Collected data
****************

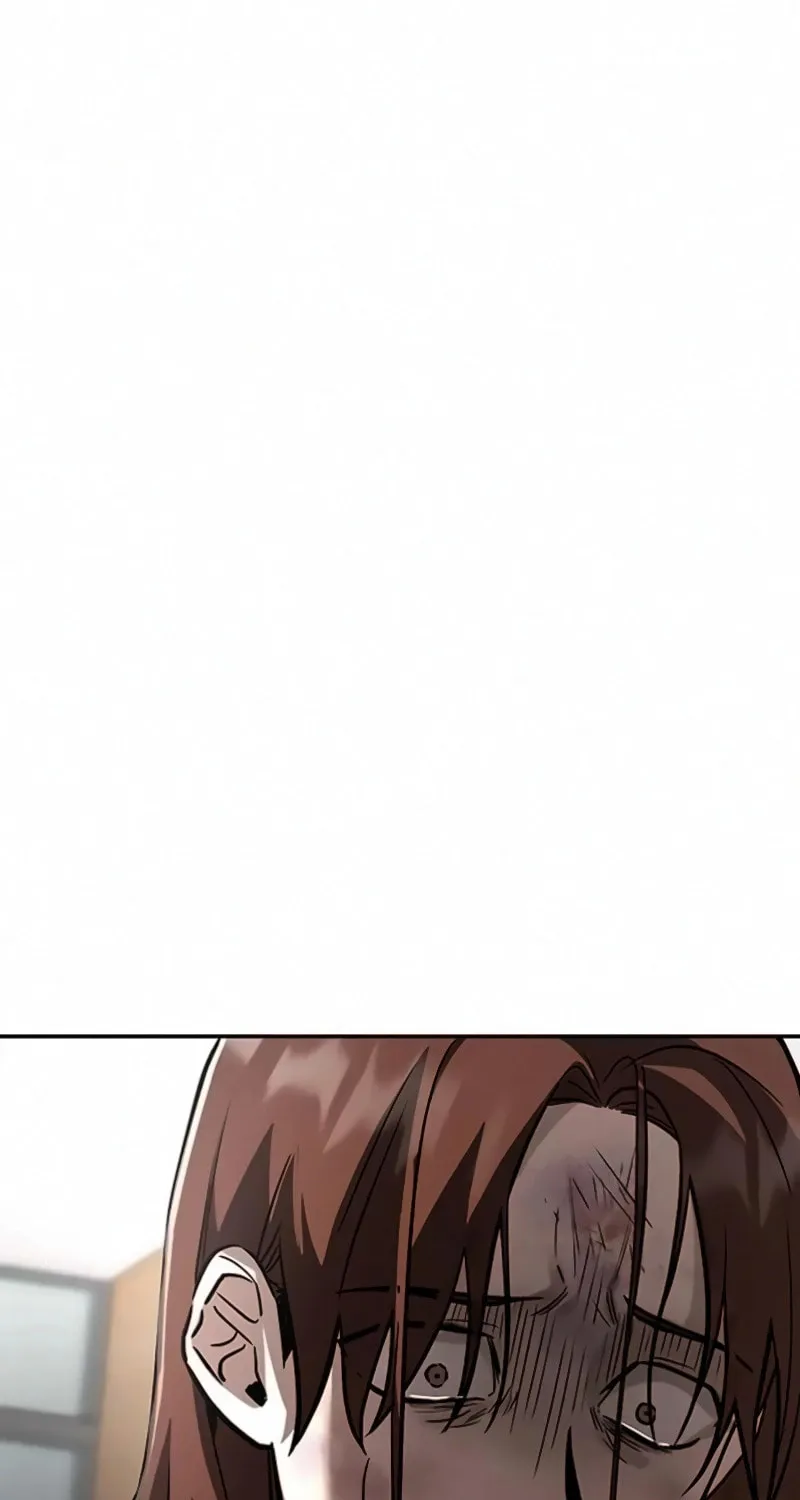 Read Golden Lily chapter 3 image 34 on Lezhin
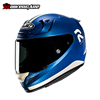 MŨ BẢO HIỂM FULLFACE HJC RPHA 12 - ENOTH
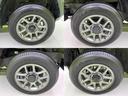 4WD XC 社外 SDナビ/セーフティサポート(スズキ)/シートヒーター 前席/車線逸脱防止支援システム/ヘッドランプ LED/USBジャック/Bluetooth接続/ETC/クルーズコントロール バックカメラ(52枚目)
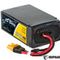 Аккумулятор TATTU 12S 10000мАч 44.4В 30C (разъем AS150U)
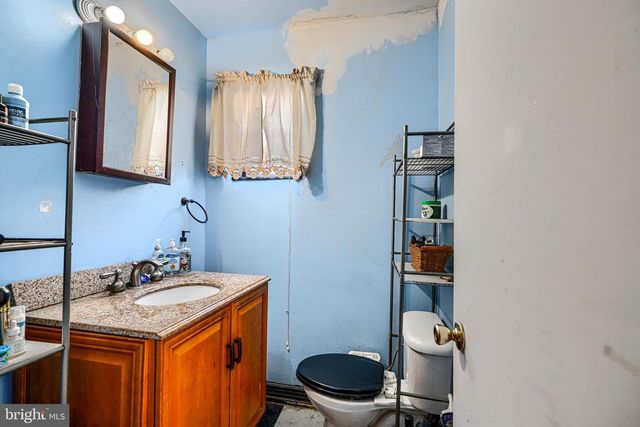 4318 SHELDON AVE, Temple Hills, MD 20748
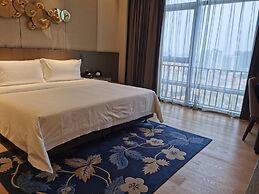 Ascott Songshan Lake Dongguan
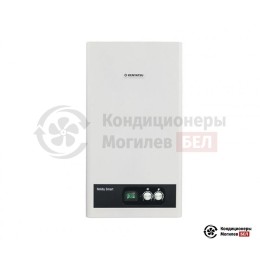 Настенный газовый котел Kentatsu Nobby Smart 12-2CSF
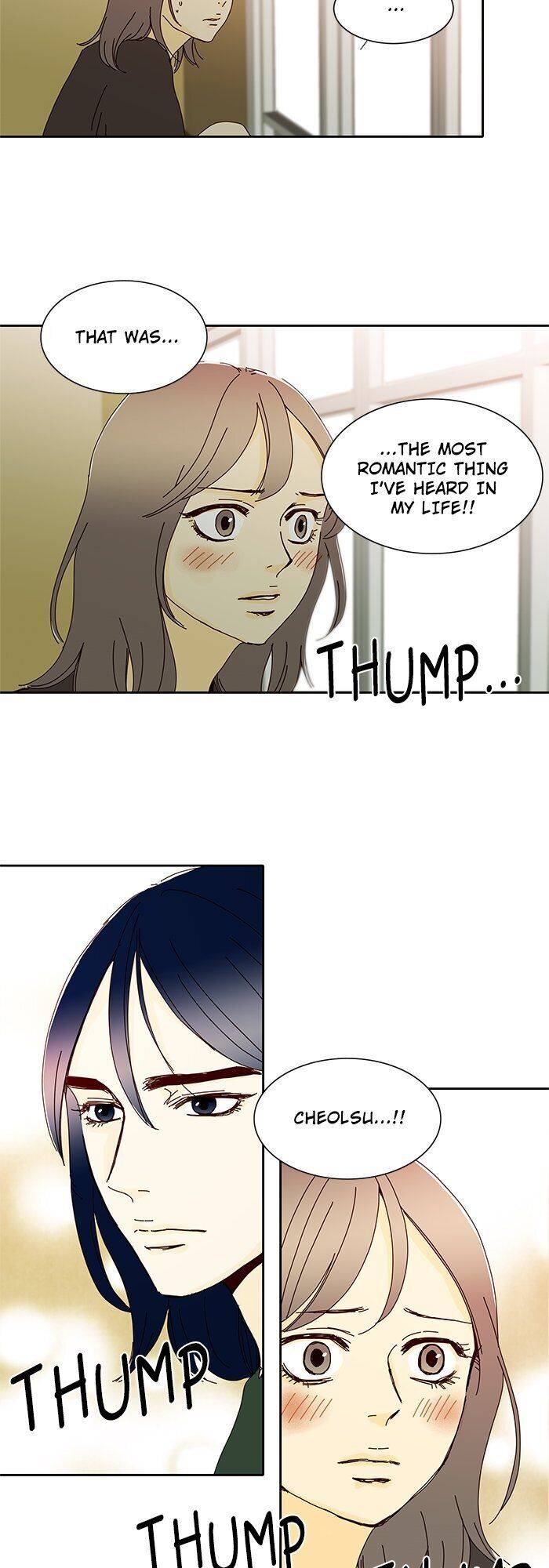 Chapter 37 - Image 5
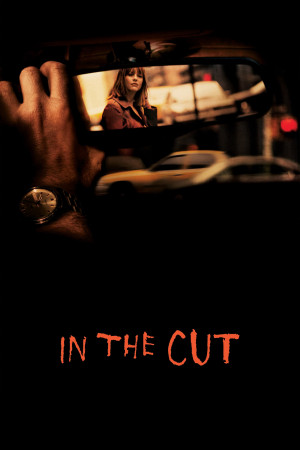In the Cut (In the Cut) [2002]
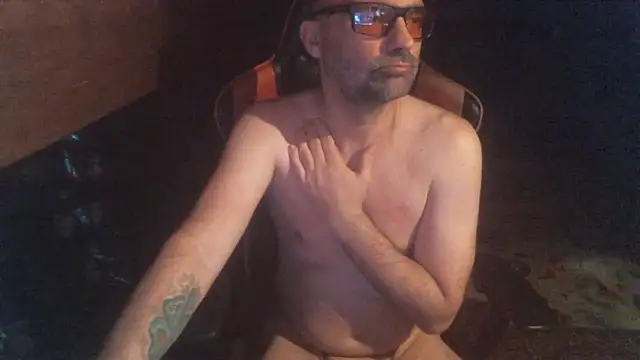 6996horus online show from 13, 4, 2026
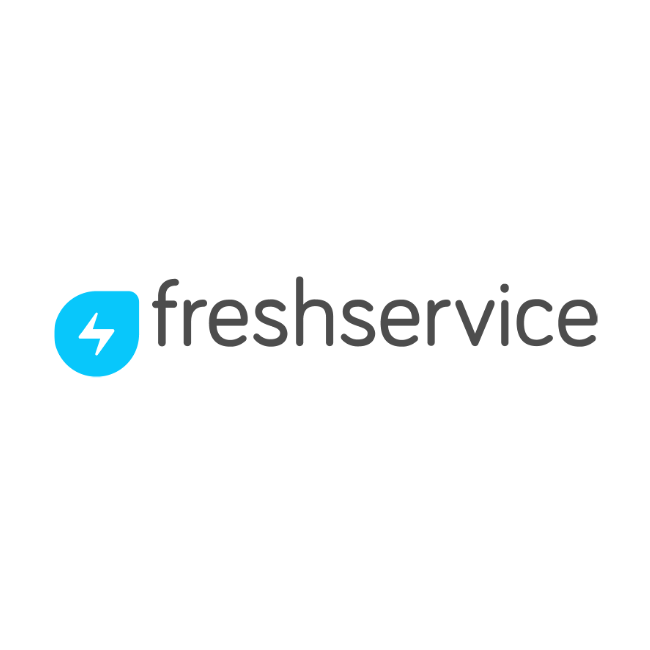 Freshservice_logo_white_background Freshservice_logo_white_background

****************

■ To do:
Transcribe, from the records above, the first line and every line after it up to and including the line with "In the Cut (In the Cut) [2002]"; omit pictures.

■ Response below:
 Read Golden Lily chapter 3 image 34 on Lezhin
 MŨ BẢO HIỂM FULLFACE HJC RPHA 12 - ENOTH
 4WD XC 社外 SDナビ/セーフティサポート(スズキ)/シートヒーター 前席/車線逸脱防止支援システム/ヘッドランプ LED/USBジャック/Bluetooth接続/ETC/クルーズコントロール バックカメラ(52枚目)
 Аккумулятор TATTU 12S 10000мАч 44.4В 30C (разъем AS150U)
 4318 SHELDON AVE, Temple Hills, MD 20748
 Ascott Songshan Lake Dongguan
 Настенный газовый котел Kentatsu Nobby Smart 12-2CSF
 Chapter 37 - Image 5
In the Cut (In the Cut) [2002]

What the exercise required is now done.